Second review appeals are the first line of offense after an inappropriate bill denial or reimbursement. For all workers’ comp providers, these appeals aren’t just best practices for revenue management. As this court case demonstrates, the second review appeal is a mandatory step in the billing dispute process that providers skip only at their peril.
For interpreters, this court case is significant; it resolves the question of whether a fee schedule for interpreter services exists, for the purpose of second review appeal and Independent Bill Review (IBR).
Meadowbrook accepted liability for the claims of two injured workers who required Spanish language interpreter services. DFS Interpreting provided those services and billed Meadowbrook accordingly. When Meadowbrook denied payment, DFS filed a lien in an attempt to collect reimbursement.
DFS’s case was apparently sound on its merits; a workers’ compensation judge ruled that Meadowbrook had to pay. The Workers Compensation Appeals Board (WCAB) agreed, denying Meadowbrook’s petition for reconsideration.
But Meadowbrook had only just begun its fight to deny payment for authorized interpreting services.
Meadowbrook Ins v WCAB
In Meadowbrook Ins. v WCAB the claims administrator took its case to the Court of Appeal for the 3rd District of California, arguing that because DFS failed to request the second review appeal for payment, the interpreter service could not file liens. Meadowbrook’s argument rested on California Labor Code Section 4603.2, which states (emphasis ours):
...If the only dispute is the amount of payment and the provider does not request a second review within 90 days, the bill shall be deemed satisfied and neither the employer nor the employee shall be liable for any further payment.
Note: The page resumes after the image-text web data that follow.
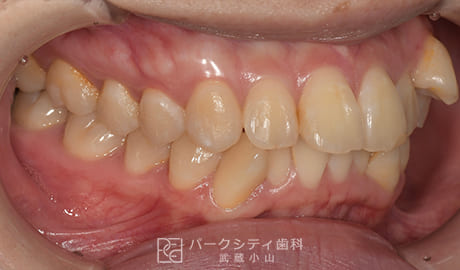表側矯正による抜歯矯正右側面観術前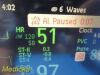 PHILIPS Intellivue MP50 CRITICAL CARE Monitor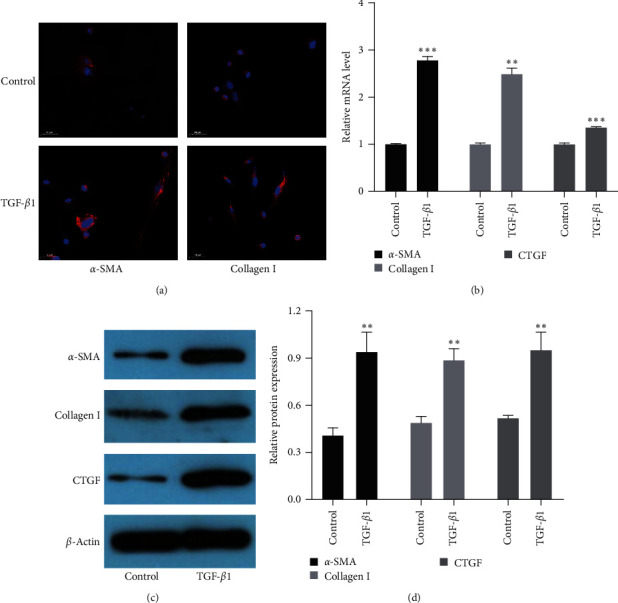 Combination of Pirfenidone and Andrographolide Ameliorates Hepatic Stellate Cell Activation and Liver Fibrosis by Mediating TGF-<i>β</i>/Smad Signaling Pathway.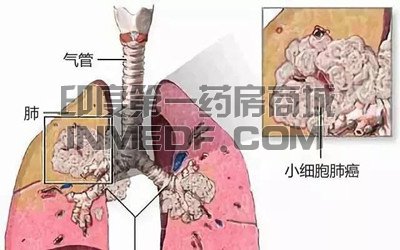 <b>服用吉非替尼出现腹泻怎么办？</b>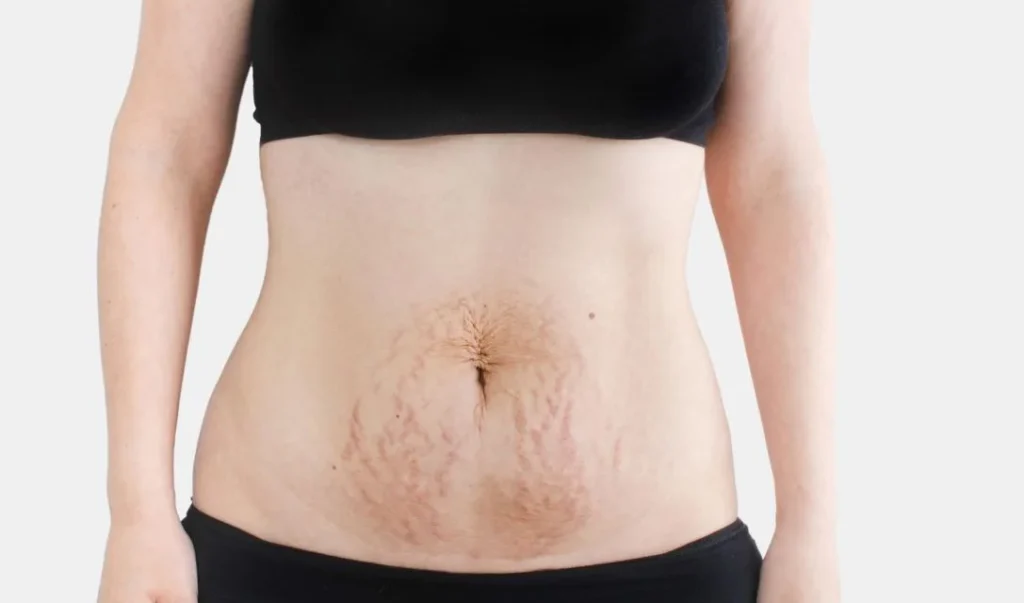 Diastasis Recti Recovery Without Surgery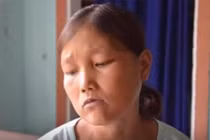 Video: Cô gái nặng 25kg ăn 5 lon gạo, uống 10 lít nước mỗi bữa 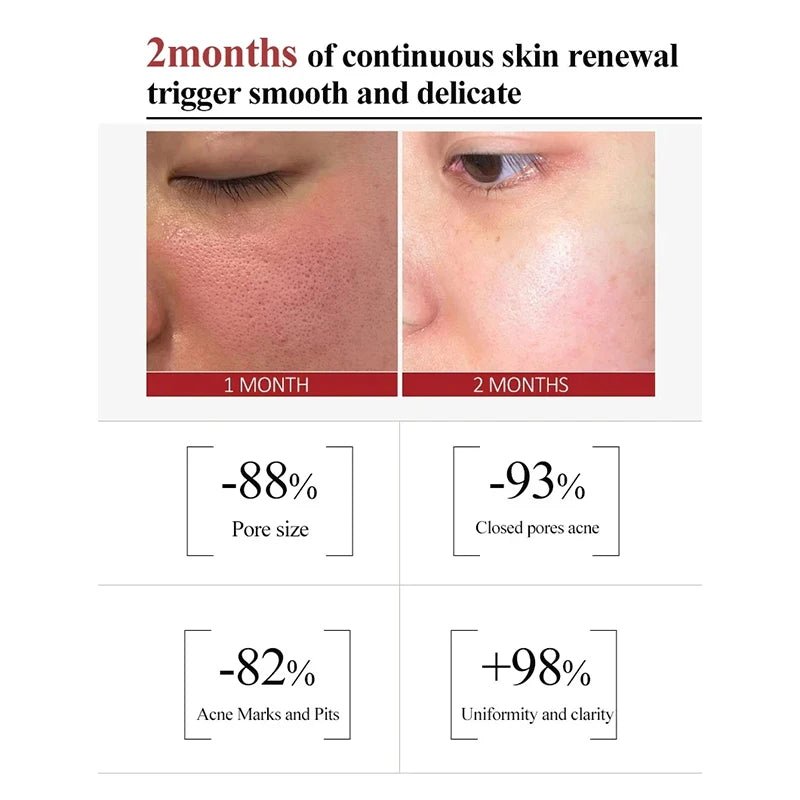 Personal Health Care Salicylic Acid Shrink Pore Cream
For most providers, this is fairly straightforward. For providers of interpreter services, however, it gets trickier. As workcompcentral pointed out, California Code of Regulations (CCR) Section 9792.5.4 specifies that the “only dispute is the amount of payment” when:
- The services in question were authorized by the claims administrator, and
- There is an applicable fee schedule for the services in question
Point #2 is what complicates matters for interpreters.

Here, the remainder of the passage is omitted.